2.3. Unser Aussondern von Gebilden
Der erste Schritt zum Bilden einer Konzeption ist das Aussondern einer Sache aus dem Sachverhalt. Perzeptiv ist das als Figurbildung bekannt, kognitiv als Begriff; emotiv als Interesse für etwas (im Unterschied zu etwas anderem). Man hat immer wieder von den natürlichen Einheiten der Welt gesprochen. Aber worin bestehen sie? Auch wenn solche unabhängig davon, wie ich sie fasse, bestehen und wirken mögen, wenn ich sie fasse, greife ich sie mehr oder weniger angemessen aus ihrem eigenen Kontext heraus. Wäre dies nicht so, so müsste ich, der Heraussondernde, Herausschneidende, Herausgreifende, mit dem realen Kontext meiner Sache identisch sein und könnte also nicht mehr Heraussondern.
2.3.1. Die entscheidende Frage dürfte also in den Konzeptionen liegen, die ich wähle, um mich mit ihnen zu beschäftigen.
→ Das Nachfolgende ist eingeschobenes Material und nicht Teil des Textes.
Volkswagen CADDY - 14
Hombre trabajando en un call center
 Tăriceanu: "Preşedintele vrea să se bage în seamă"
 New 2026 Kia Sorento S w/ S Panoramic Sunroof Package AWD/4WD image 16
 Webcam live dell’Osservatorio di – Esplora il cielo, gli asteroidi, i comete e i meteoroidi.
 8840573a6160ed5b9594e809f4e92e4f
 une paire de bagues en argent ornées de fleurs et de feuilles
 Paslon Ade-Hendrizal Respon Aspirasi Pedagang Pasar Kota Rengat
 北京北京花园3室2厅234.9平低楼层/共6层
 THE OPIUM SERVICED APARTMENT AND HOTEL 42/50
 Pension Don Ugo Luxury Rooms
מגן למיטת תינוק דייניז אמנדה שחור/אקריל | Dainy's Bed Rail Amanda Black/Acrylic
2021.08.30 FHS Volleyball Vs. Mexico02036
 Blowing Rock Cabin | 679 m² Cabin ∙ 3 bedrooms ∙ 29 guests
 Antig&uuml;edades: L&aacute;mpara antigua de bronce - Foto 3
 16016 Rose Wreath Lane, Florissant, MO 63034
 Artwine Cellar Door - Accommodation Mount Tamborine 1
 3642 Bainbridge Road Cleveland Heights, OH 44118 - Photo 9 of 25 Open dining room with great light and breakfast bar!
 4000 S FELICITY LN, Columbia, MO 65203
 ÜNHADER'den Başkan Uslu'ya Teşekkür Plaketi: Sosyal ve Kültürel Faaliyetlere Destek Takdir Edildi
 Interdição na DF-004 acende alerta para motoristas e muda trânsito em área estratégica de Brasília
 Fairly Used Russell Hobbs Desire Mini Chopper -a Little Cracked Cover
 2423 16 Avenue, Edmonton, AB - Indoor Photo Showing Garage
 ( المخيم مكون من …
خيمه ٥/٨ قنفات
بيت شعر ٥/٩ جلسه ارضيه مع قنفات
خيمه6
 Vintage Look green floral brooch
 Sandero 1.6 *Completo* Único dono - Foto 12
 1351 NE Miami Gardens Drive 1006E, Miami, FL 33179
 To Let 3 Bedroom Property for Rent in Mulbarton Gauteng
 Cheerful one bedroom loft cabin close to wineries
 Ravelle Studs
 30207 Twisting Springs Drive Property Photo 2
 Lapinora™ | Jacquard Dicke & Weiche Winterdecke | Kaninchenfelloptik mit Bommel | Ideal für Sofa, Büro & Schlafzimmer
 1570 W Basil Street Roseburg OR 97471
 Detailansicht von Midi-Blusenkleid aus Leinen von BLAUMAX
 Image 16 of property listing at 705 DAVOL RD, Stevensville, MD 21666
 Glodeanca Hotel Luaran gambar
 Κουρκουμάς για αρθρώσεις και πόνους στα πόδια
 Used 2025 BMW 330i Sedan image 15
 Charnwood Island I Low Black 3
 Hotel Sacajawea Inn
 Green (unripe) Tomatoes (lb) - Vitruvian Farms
2.3.2. Die zweite Frage ist, wie ich erreiche, mein unvermeidliches Heraussondern, meinen Beitrag zur Konzeption der Sache nicht so anzulegen, dass er die Konzeption fast zur Gänze bestimmt. Wie kann ich meinen Beitrag in seiner Wirkung auf die Konzeption zwar nicht ausschalten, aber dergetalt minimalisieren, dass die Setzung von apriorischen Annahmen vermieden werden kann, jedenfalls deren Wirkung neutralisiert werden kann, wenn sie als solche schon unvermeidlich sind. Der rudimentäre Fall von Abduktion ist Figurbildung: eine indizierenden Leistung: darauf kommt es wohl an. Damit kann die Untersuchung beginnen. Aber zum Gefangenen solcher initialer Figurbildungen darf ich mich nicht machen; denn jede Figurbildung schliesst ja andere aus, wie die Kippfiguren so schön demonstrieren, und in jedem komplexen Gebilde sind viele Figurbildungen möglich, wie Metzgers 9-Punkte-Modell demonstriert. Ohr, Auge, Nase, Hand sind genial im Aussondern von Gestalten; sie sind in seltsamer Kombination idealistisch und realistisch. Ohne die Verinfachungen der meisten Gestaltbildung wären die Verarbeitungssystem der Welt nicht gewachsen; müssten die Welt verdoppeln anstatt auf den jeweiligen Punkt bringen. Ohne ihren Realitätssinn wären wir lebensuntauglich. Beides zusammen heisst aber eben, dass wir uns auf die Gestalt-Aussonderungen nur vorläufig verlassen dürfen, sie sind so leistungsfähig wie irreführend. Nähere Untersuchung wird einen Satz von Figurbildungen und mögliche Figurbildungen feststellen, welche in die Konzeption eingehen und schrittweise gefasst werden müssen.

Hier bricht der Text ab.